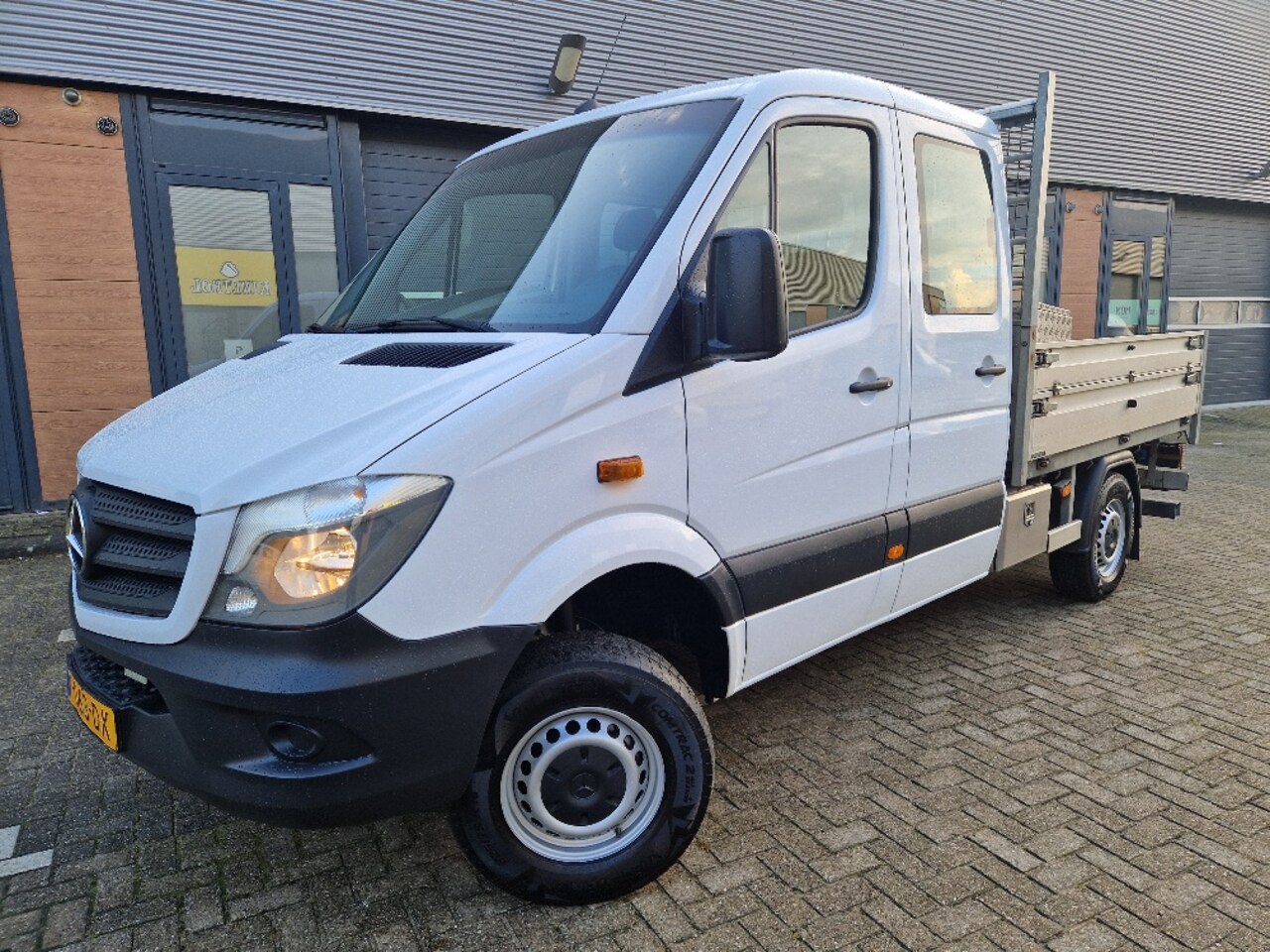 Mercedes-Benz Sprinter - 314 CDI 4X4 euro6 366 DC ex overheid euro6 zeer mooi 2800kg trekhaak 6-pers awd - AutoWereld.nl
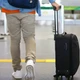 Imagem - Adeus às malas com rodinhas: descubra a opção que pode substituí-las nas viagens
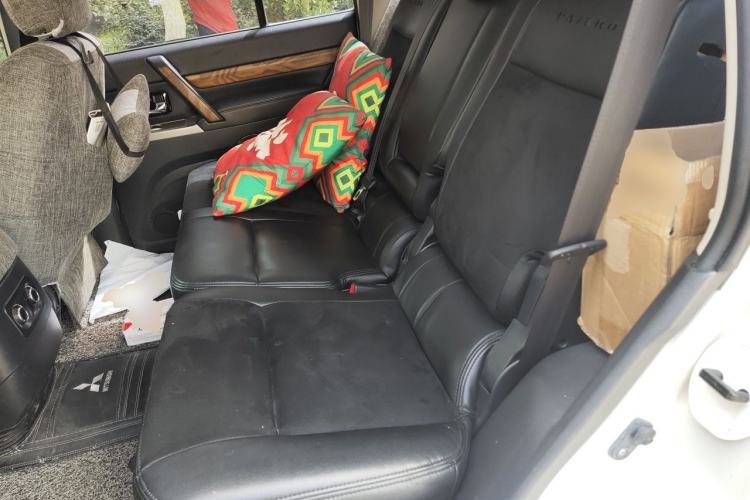 Used Mitsubishi Pajero 2019 3.0L Automatic Standard Edition Left Rear Seat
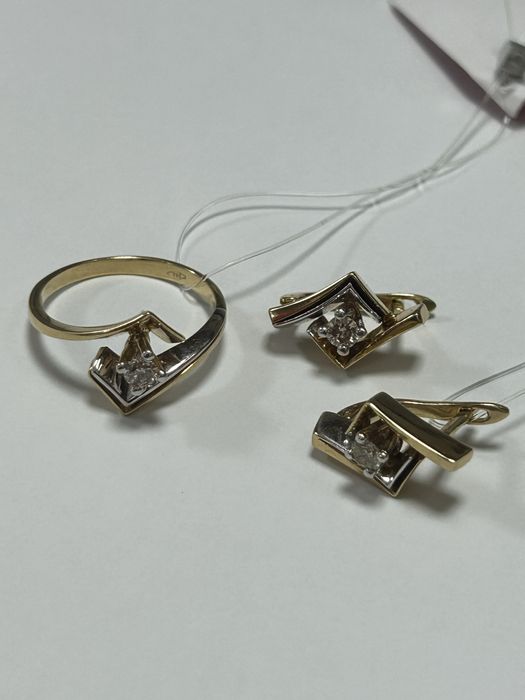 Комплект с бриллиантами 750 проба /Bari Bar Shop/ Рассрочка без %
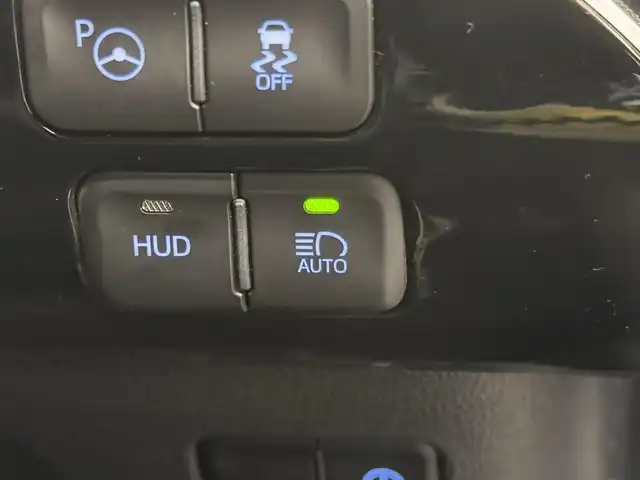 トヨタ プリウス ＰＨＶ A プレミアム 三重県 2018(平30)年 5.4万km ホワイトパールクリスタルシャイン プラグインハイブリッド/FF/インパネCVT/純正 11.6インチ 縦型ナビ/（AM/FM/USB/iPod/Bluetooth/AUX/TV）/バックカメラ/モデリスタエアロ（F/S/R下）/【OP】ETC2.0/Toyota Safety Sense/・プリクラッシュセーフティ/・レーンディパーチャーアラート（操舵支援付）/・レーダークルコン/・オートハイビーム/・ふらつき検知機能/・ブラインドスポットモニター/・インテリジェントクリアランスソナー（巻き込み警報機能付）/・シンプルインテリジェントパーキングアシスト/など/装備/・本革シート/・シートヒーター（D/N）/・ステアリングヒーター/・カラーヘッドアップディスプレイ/・AC100Vアクセサリーコンセント（ヴィークルパワーコネクター付・V2H対応・コンセント2ヶ）/・オートエアコン/・オートライト/・4灯 LEDヘッドライト＆LED フロントフォグランプ/・【OP】純正17inAW/・ステアリングスイッチ/・プッシュスタート/・スマートキーx2/・保/取/ナビ取/・充電ケーブル（AC200V用・7m）/など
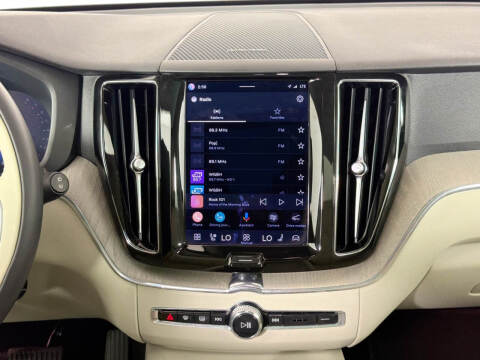2023 Volvo XC60 B5 Plus Dark Theme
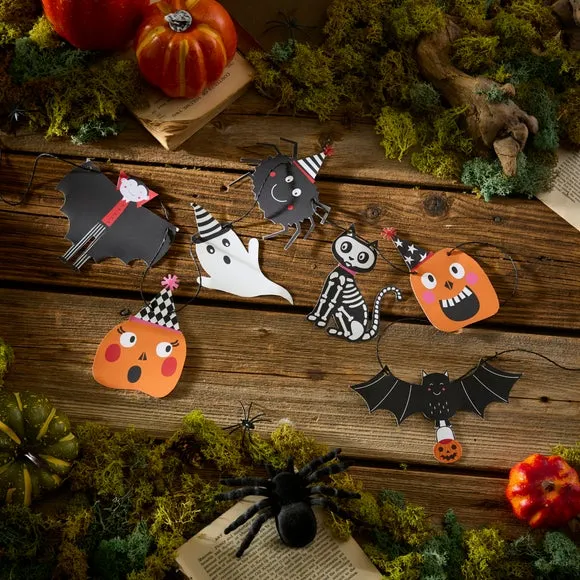 1.5m Paper Halloween Characters Bunting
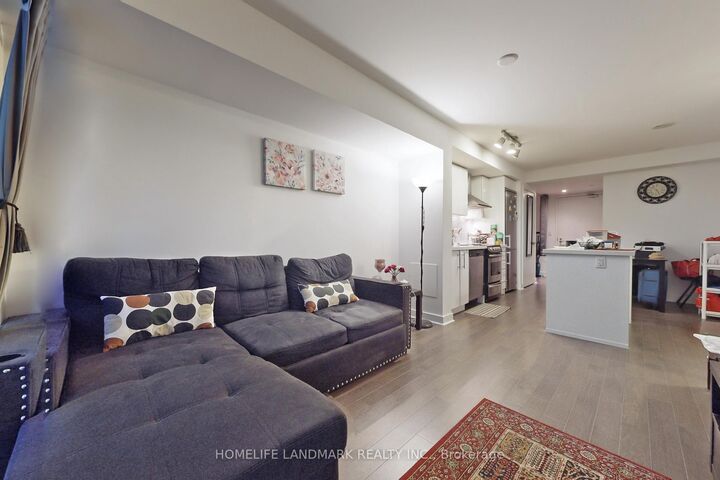 Property Photo: 58 Orchard View Boulevard 505 ON M4R 1B9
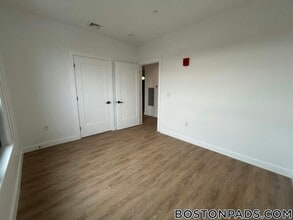 199 Gardner St in Boston, MA - Foto de edificio - Building Photo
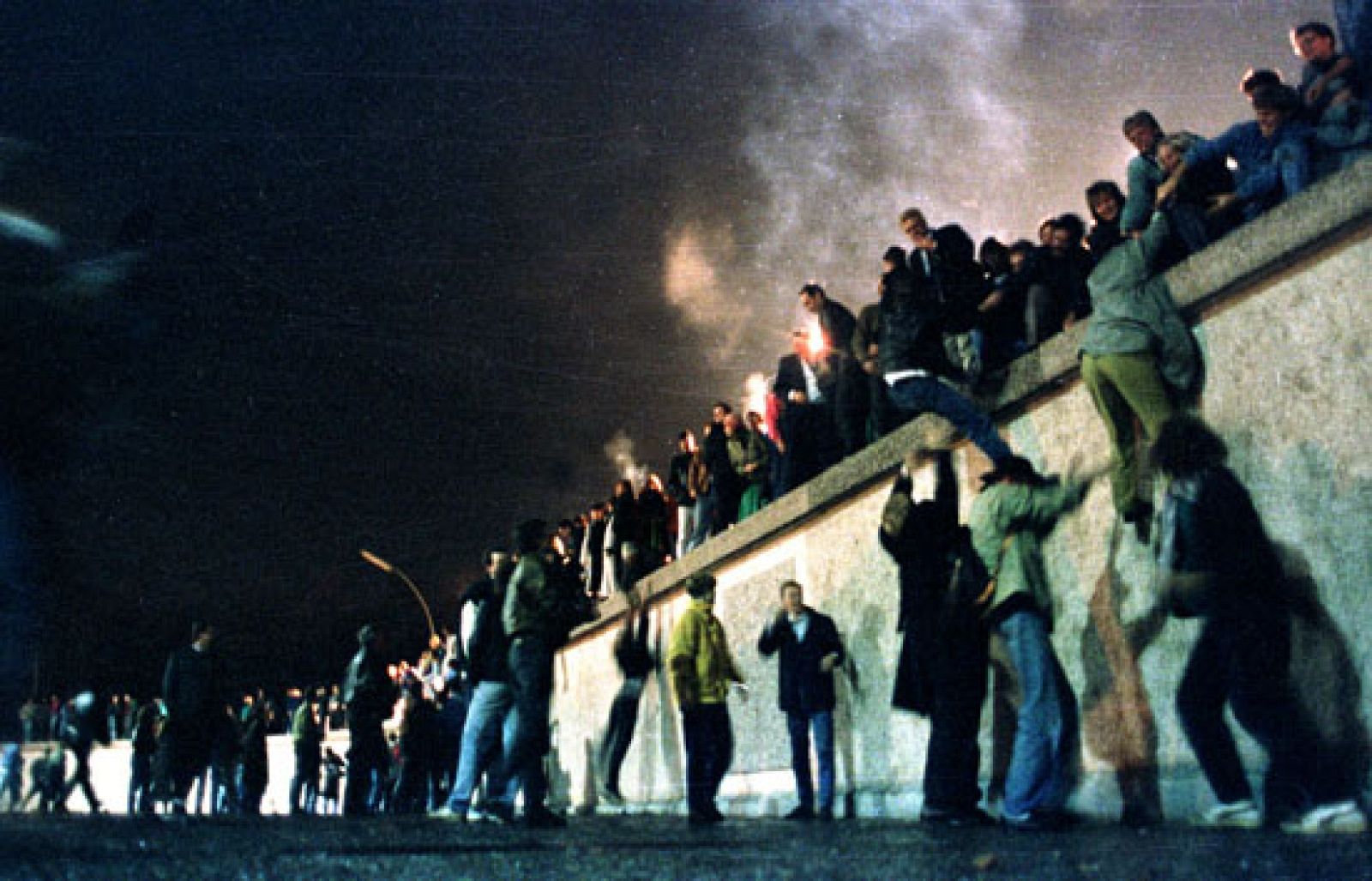 La primera grieta del Muro de Berlín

### What is required
Set down, word for word, only the lines running from the line with "Imagem - Adeus" through the final line of the entries above, omitting all pictures.

### Response to the task
 Imagem - Adeus às malas com rodinhas: descubra a opção que pode substituí-las nas viagens
 Used Mitsubishi Pajero 2019 3.0L Automatic Standard Edition Left Rear Seat
 Комплект с бриллиантами 750 проба /Bari Bar Shop/ Рассрочка без %
 トヨタ プリウス ＰＨＶ A プレミアム 三重県 2018(平30)年 5.4万km ホワイトパールクリスタルシャイン プラグインハイブリッド/FF/インパネCVT/純正 11.6インチ 縦型ナビ/（AM/FM/USB/iPod/Bluetooth/AUX/TV）/バックカメラ/モデリスタエアロ（F/S/R下）/【OP】ETC2.0/Toyota Safety Sense/・プリクラッシュセーフティ/・レーンディパーチャーアラート（操舵支援付）/・レーダークルコン/・オートハイビーム/・ふらつき検知機能/・ブラインドスポットモニター/・インテリジェントクリアランスソナー（巻き込み警報機能付）/・シンプルインテリジェントパーキングアシスト/など/装備/・本革シート/・シートヒーター（D/N）/・ステアリングヒーター/・カラーヘッドアップディスプレイ/・AC100Vアクセサリーコンセント（ヴィークルパワーコネクター付・V2H対応・コンセント2ヶ）/・オートエアコン/・オートライト/・4灯 LEDヘッドライト＆LED フロントフォグランプ/・【OP】純正17inAW/・ステアリングスイッチ/・プッシュスタート/・スマートキーx2/・保/取/ナビ取/・充電ケーブル（AC200V用・7m）/など
2023 Volvo XC60 B5 Plus Dark Theme
 1.5m Paper Halloween Characters Bunting
 Property Photo: 58 Orchard View Boulevard 505 ON M4R 1B9
 199 Gardner St in Boston, MA - Foto de edificio - Building Photo
 La primera grieta del Muro de Berlín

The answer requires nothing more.